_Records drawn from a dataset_
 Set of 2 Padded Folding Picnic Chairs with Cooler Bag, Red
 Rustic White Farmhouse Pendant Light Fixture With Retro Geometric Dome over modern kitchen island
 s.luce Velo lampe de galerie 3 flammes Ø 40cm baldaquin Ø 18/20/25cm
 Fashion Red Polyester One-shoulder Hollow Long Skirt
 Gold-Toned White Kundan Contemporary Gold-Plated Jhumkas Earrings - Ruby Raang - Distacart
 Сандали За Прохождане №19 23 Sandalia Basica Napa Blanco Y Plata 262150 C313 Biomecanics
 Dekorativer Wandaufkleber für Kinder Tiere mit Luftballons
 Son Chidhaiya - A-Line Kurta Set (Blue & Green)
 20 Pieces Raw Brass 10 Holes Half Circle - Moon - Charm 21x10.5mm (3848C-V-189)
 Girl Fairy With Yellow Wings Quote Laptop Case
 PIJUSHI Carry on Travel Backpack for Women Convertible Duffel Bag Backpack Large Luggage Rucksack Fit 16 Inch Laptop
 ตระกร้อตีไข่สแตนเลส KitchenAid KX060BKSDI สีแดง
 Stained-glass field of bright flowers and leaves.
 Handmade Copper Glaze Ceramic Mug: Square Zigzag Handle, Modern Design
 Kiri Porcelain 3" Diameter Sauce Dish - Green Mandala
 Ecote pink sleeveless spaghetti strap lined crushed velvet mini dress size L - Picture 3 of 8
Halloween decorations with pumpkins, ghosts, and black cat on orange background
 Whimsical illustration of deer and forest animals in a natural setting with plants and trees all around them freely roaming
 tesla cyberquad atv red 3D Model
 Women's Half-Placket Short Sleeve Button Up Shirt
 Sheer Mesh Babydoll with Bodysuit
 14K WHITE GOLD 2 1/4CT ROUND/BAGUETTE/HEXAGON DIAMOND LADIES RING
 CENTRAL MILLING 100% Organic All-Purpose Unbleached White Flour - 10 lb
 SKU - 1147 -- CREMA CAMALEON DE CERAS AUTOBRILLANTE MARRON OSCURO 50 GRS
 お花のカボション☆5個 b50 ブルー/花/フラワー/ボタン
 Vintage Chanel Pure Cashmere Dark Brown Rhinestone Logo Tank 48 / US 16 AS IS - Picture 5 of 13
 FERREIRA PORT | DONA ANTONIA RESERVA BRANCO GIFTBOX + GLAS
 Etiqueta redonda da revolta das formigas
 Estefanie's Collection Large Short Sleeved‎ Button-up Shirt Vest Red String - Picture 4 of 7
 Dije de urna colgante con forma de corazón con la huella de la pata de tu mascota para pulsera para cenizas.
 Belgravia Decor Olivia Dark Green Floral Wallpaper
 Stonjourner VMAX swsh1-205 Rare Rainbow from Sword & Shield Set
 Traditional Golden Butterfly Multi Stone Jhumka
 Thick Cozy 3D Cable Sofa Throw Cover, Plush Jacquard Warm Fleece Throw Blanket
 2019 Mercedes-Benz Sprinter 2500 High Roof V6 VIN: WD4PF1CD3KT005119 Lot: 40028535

_INSTRUCTIONS FOR THE TASK_
Copy exactly the lines that run from the first line of the data to the line containing "Ecote pink sleeveless", please, with both ends included and nothing else.

_RESPONSE AREA_
 Set of 2 Padded Folding Picnic Chairs with Cooler Bag, Red
 Rustic White Farmhouse Pendant Light Fixture With Retro Geometric Dome over modern kitchen island
 s.luce Velo lampe de galerie 3 flammes Ø 40cm baldaquin Ø 18/20/25cm
 Fashion Red Polyester One-shoulder Hollow Long Skirt
 Gold-Toned White Kundan Contemporary Gold-Plated Jhumkas Earrings - Ruby Raang - Distacart
 Сандали За Прохождане №19 23 Sandalia Basica Napa Blanco Y Plata 262150 C313 Biomecanics
 Dekorativer Wandaufkleber für Kinder Tiere mit Luftballons
 Son Chidhaiya - A-Line Kurta Set (Blue & Green)
 20 Pieces Raw Brass 10 Holes Half Circle - Moon - Charm 21x10.5mm (3848C-V-189)
 Girl Fairy With Yellow Wings Quote Laptop Case
 PIJUSHI Carry on Travel Backpack for Women Convertible Duffel Bag Backpack Large Luggage Rucksack Fit 16 Inch Laptop
 ตระกร้อตีไข่สแตนเลส KitchenAid KX060BKSDI สีแดง
 Stained-glass field of bright flowers and leaves.
 Handmade Copper Glaze Ceramic Mug: Square Zigzag Handle, Modern Design
 Kiri Porcelain 3" Diameter Sauce Dish - Green Mandala
 Ecote pink sleeveless spaghetti strap lined crushed velvet mini dress size L - Picture 3 of 8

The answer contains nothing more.